Poetry News

The Tyrant Is Us: An Interview With Alice Notley

Originally Published: December 30, 2016

Alice Notley is interviewed at Los Angeles Review of Books. The poet, who lives in Paris, spoke with Shoshana Olidort on the morning of the second night of Notley's reading of the entirety of the book-length poem, The Descent of Alette, at The Lab in San Francisco. "Can you tell me a bit about how performance informs your writing?" asks Olidort. Notley's answer, and more:

ALICE NOTLEY: I always think of poems as something to be performed. And I always think of how they’re going to sound. There wouldn’t be poetry without that. It’s utterly important. And people should read poetry aloud. Reading aloud is key. I read each poem aloud in my room after I’ve written it, and I often picture myself in a room performing it.

Who is your intended audience?

It changes. When I lived in New York, it was the audience that met at The Poetry Project every Wednesday. It was a really wonderful audience, very intelligent, receptive to poetry. I pictured that room, the Parish Hall of St. Mark’s Church, and I had a sense of all the bodies in the room. But I don’t picture that audience anymore. I don’t quite know what I picture. Sometimes it’s like a room full of souls, sometimes it’s the whole universe, and I’m just sort of talking to everything there is.

You’ve referred to The Descent of Alette as a feminine epic. Why was it important to you to write a feminine epic?

I wanted to write an epic in which the hero was a woman. The epic was held as the epitome of writing — a hero, a man who changes everything there is by entering into combat with something. The entire history of the epic is that, in every culture. But then I found one that wasn’t like that, the Sumerian Descent of Inanna, in which the hero, Inanna, is purely interested in finding out what death is. It’s an inquisition through experience. I was interested in how there was no action, and how she didn’t really kill. The way it was set up was very dreamlike. She was the hero, and what she wanted was knowledge.
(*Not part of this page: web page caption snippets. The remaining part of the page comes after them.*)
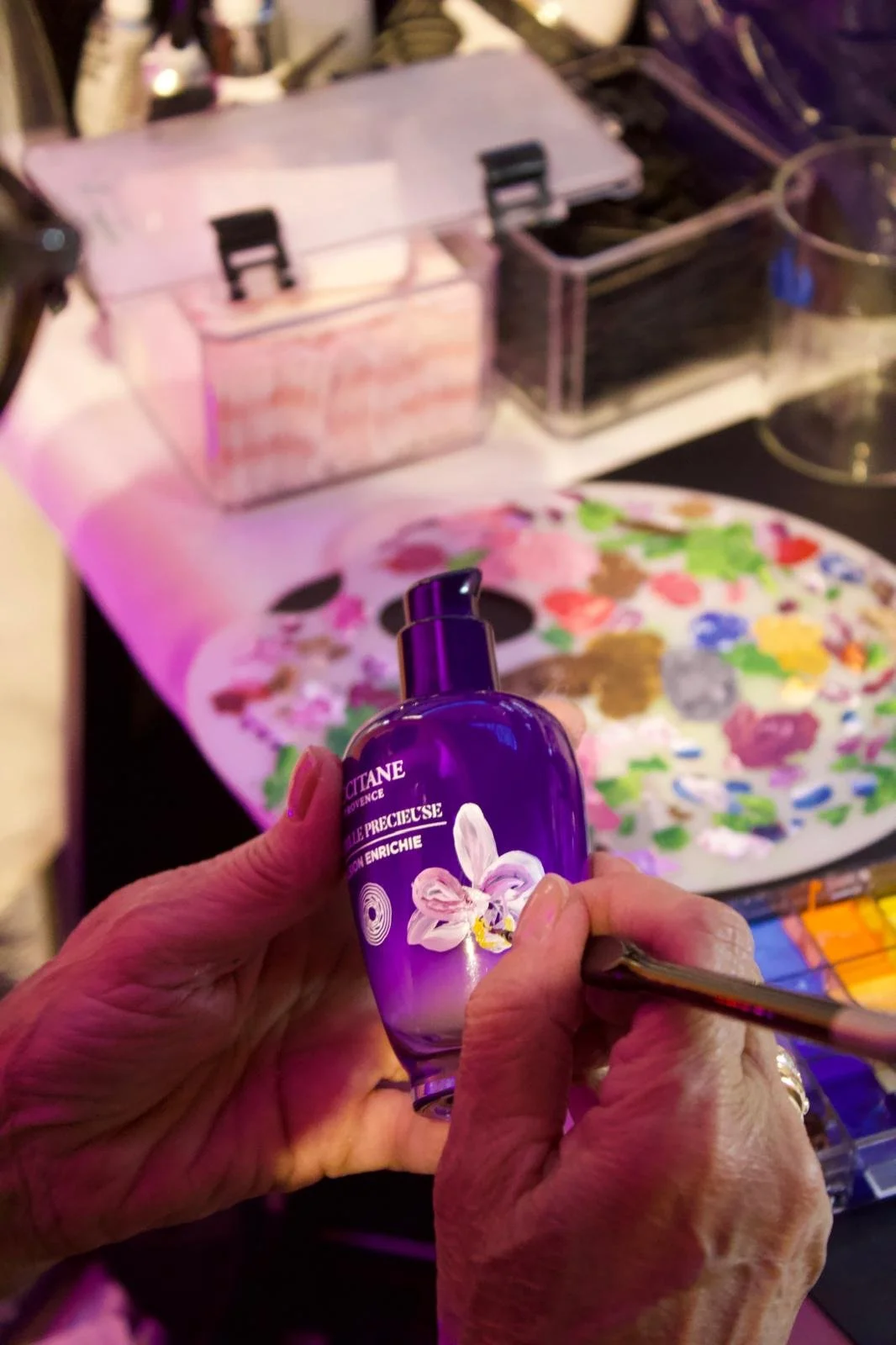 Person holding a purple bottle of L'Occitane floral perfume in front of a colorful palette and containers of paint on a table.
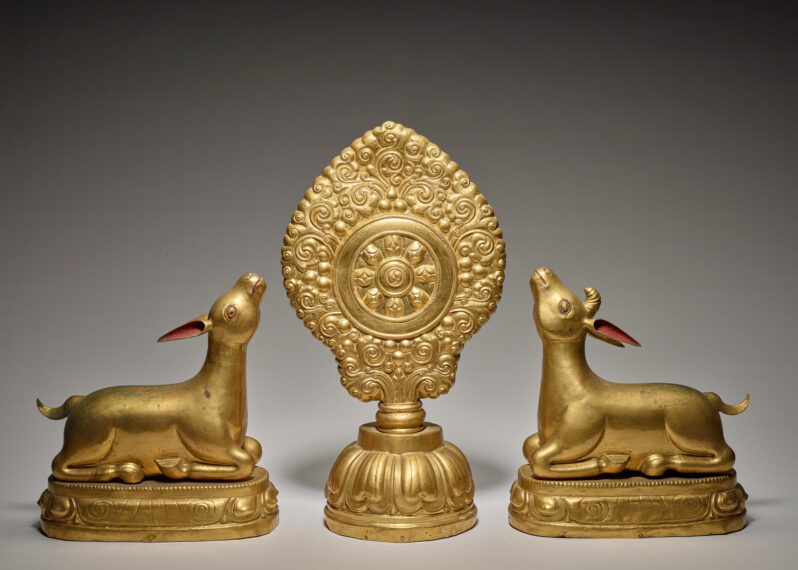 Gold statues of Wheel of the Law with Deer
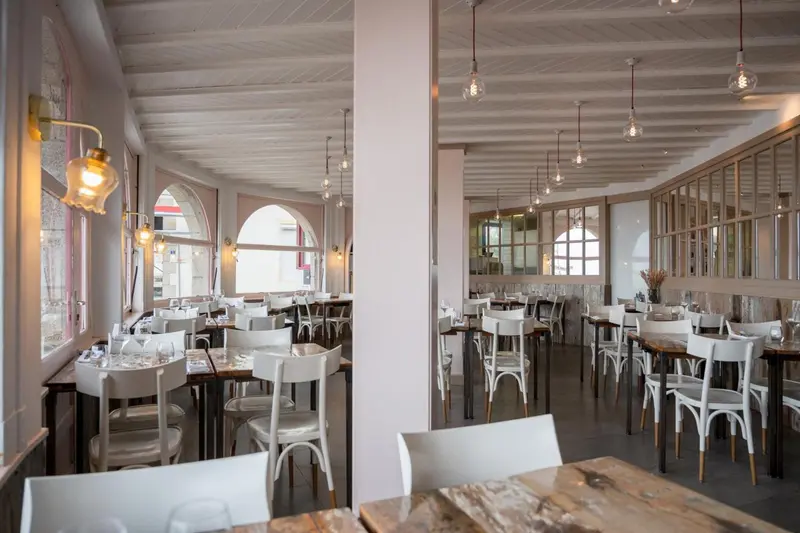 Une salle lumineuse avec des tables et des chaises blanches est décorée de luminaires suspendus.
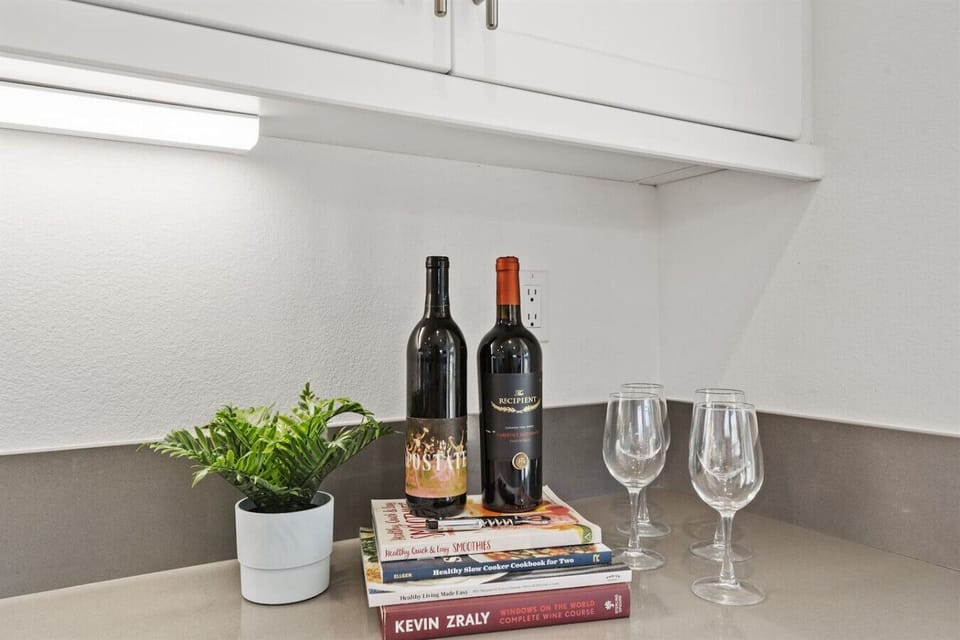 Charming Kitchen Nook: Savor wine and laughter with books and elegant glassware at your fingertips!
So who is the tyrant of the story?

In The Descent of Alette, the tyrant is us. The tyrant is what enslaves us to our forms. The tyrant is the form of our life, the form of our politics, the form of our universities, the form of our knowledge, our thinking we know something. All of that is the tyrant. The tyrant is a liberal. The tyrant isn’t Trump. He can be part of it, but this tyrant is an extremely accomplished man who can do anything. Alette’s about the liberation of women, but it’s also about the liberation of everyone. If you keep half of humankind down, then everybody is oppressed.